The right-wing media see this crisis as an opportunity to push their privatisation agenda. In an article in the Daily Mail headlined “Oh for a politician brave enough to say the NHS is broken – and no amount of money will put it right”, Stephen Glover blames inadequate staff, not staffing, for the current crisis. And of course, strikers get the blame for going on strike in the midst of a crisis. Never mind that their actions are exposing the extent of the crisis, which is the direct of result of government policy. But Glover’s enthusiasm for health professional bashing has the support he thinks of “any fair-minded person” (for which read non-thinking, right winger) who he thinks “must concede that large parts of the NHS are not offering a good service”. This leads to his solution, a Royal Commission which would recommend the NHS be funded “based on personal and State insurance”, no more community provision, simply health provision for those who can afford it.

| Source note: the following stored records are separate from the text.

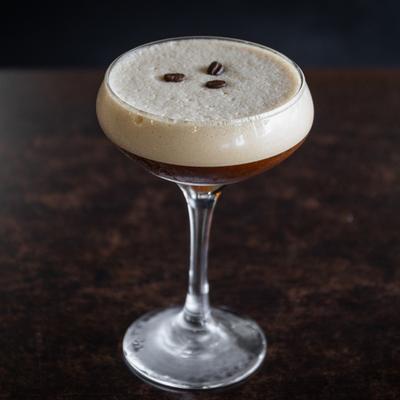 Espresso Martini garnished with three coffee beans.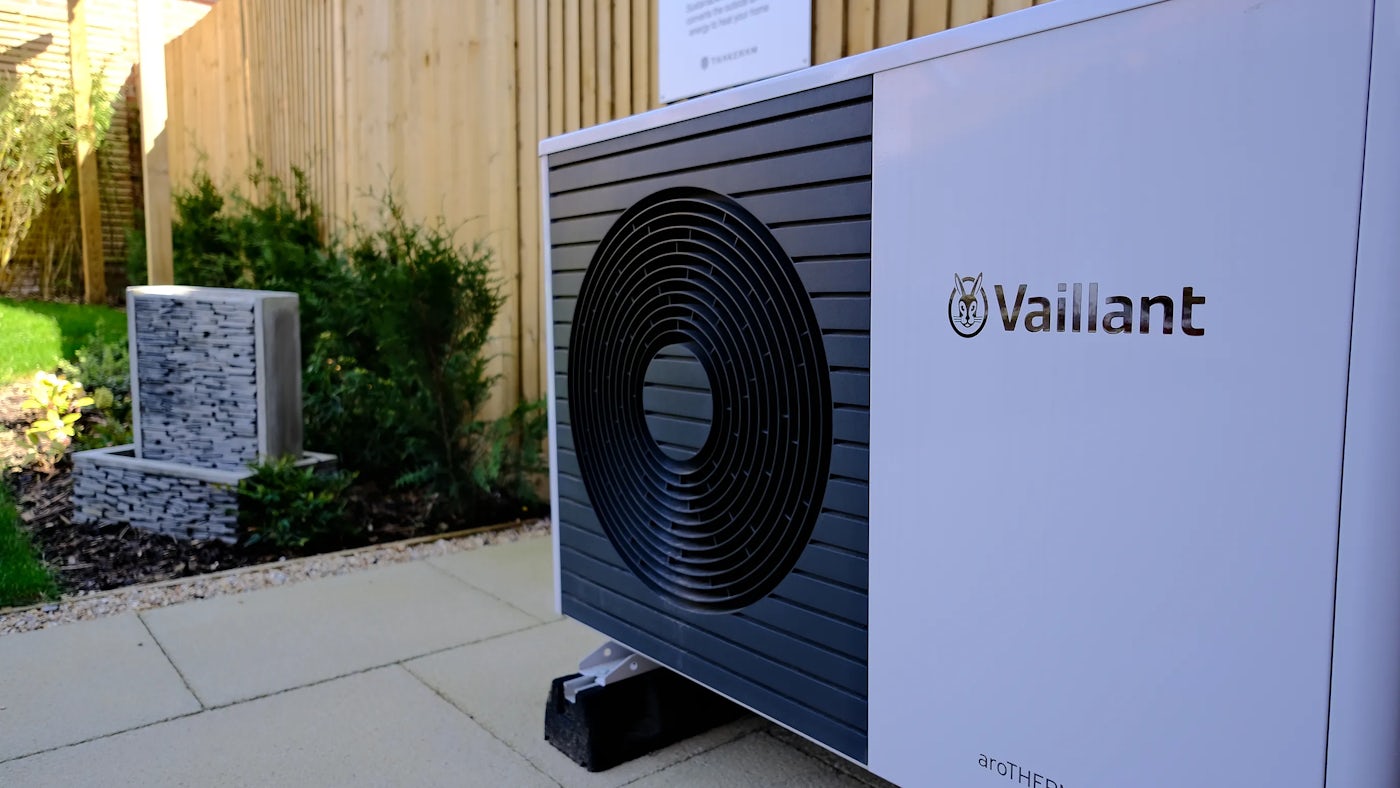A white Vaillant aroTHERM air-to-water heat pump with a black circular vent on the front, placed outdoors on a concrete surface. The Vaillant logo is visible on the side. Behind the unit, a wooden fence and some greenery are present.
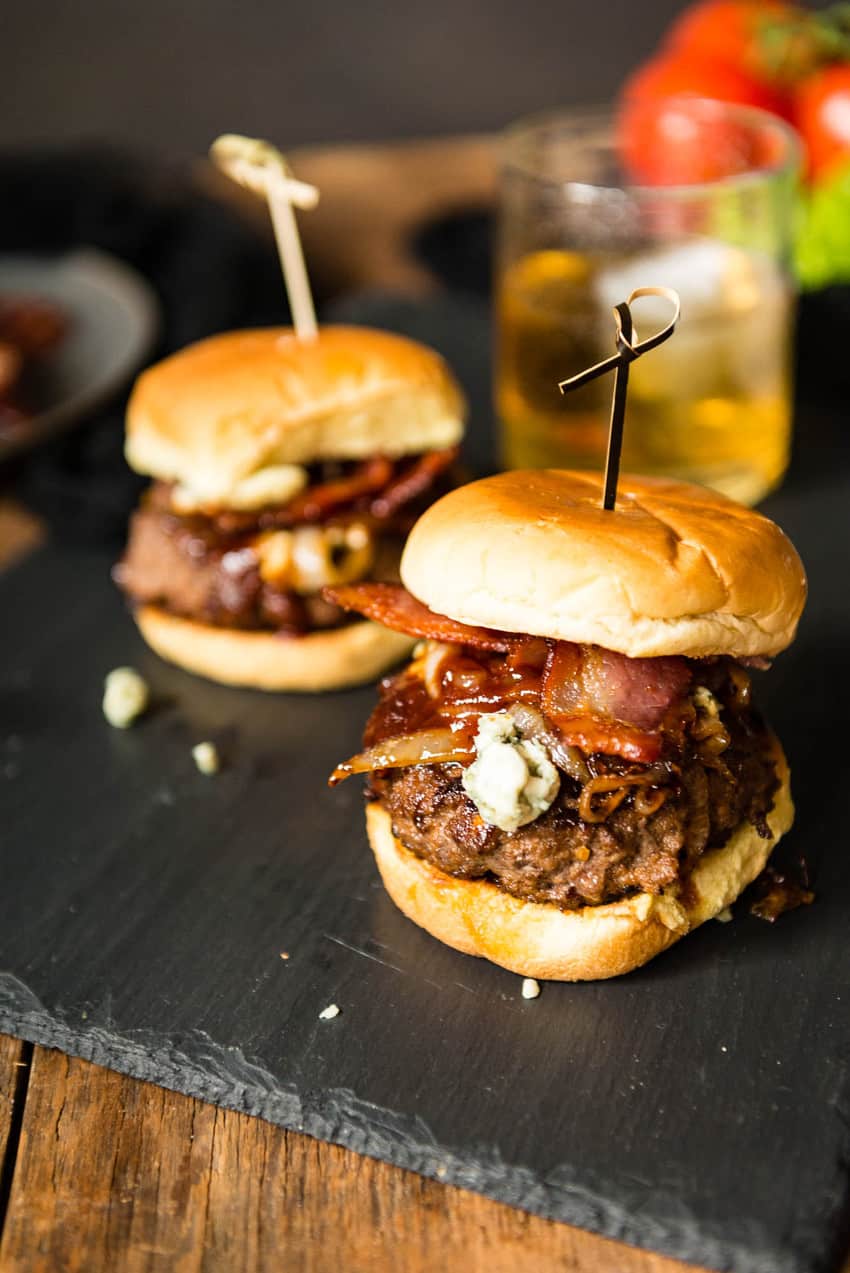 Bourbon and Blue cheese Burgers piled with bacon. Just look at that cheese!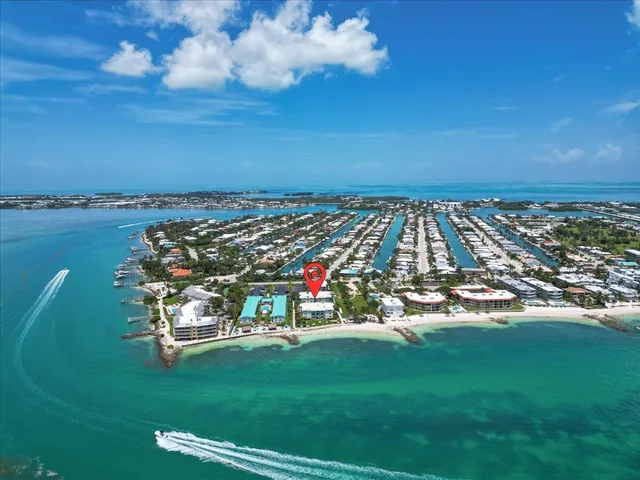 a view of a swimming pool with outdoor seating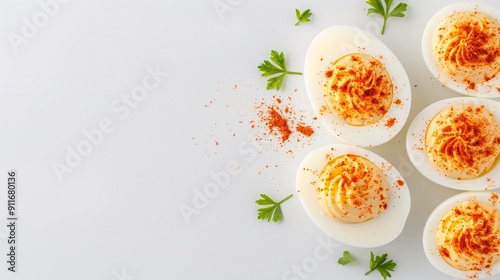 Deviled eggs with paprika and parsley on a white plate on a white background. Minimalistic flat lay style with space for text. Ideal for banners, marketing materials, backgrounds, and food-related des photo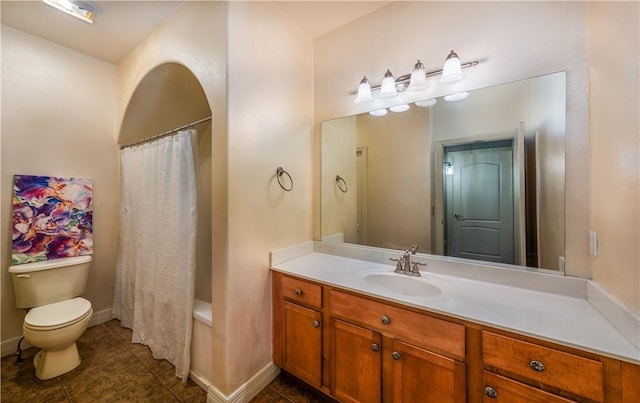 904 S Lafayette St, Rogers, AR 72758 - bathroom with vanity, tile patterned flooring, and shower / bath combo with shower curtain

There was a time when such views would have been expressed within the Conservative Party and roundly denounced by Labour. Not any longer. Labour is now caught in the glare of the possibility of an election victory, and Wes Streeting, Labour’s Shadow Health Secretary, can proudly announce, “I’d use private hospitals to bolster the NHS.” Such language would have been inconceivable a few short years ago.

Let us hope that his conversion to private health care has nothing to do with the £15,000 donation he received from John Armitage, who, as well as being a a major Conservative party donor (donating a total of £3.1 million), is a major private health investor. Armitage’s Egerton Capital currently holds $833 million of shares in UnitedHealth – a US health firm widely seen as a threat to publicly owned healthcare in the UK.

We are plummeting headlong into a fully privatised health care system in the UK, dominated by American health multinationals. The criteria for treatment will no longer be need but your ability to pay (or to have insurance that will pay). The NHS is certainly not safe in either Labour or Conservative hands. If we want to defend the NHS, we have to support striking health workers, not just to get more pay, as important as that is, but to be given the resources necessary to do their job. For all our sakes.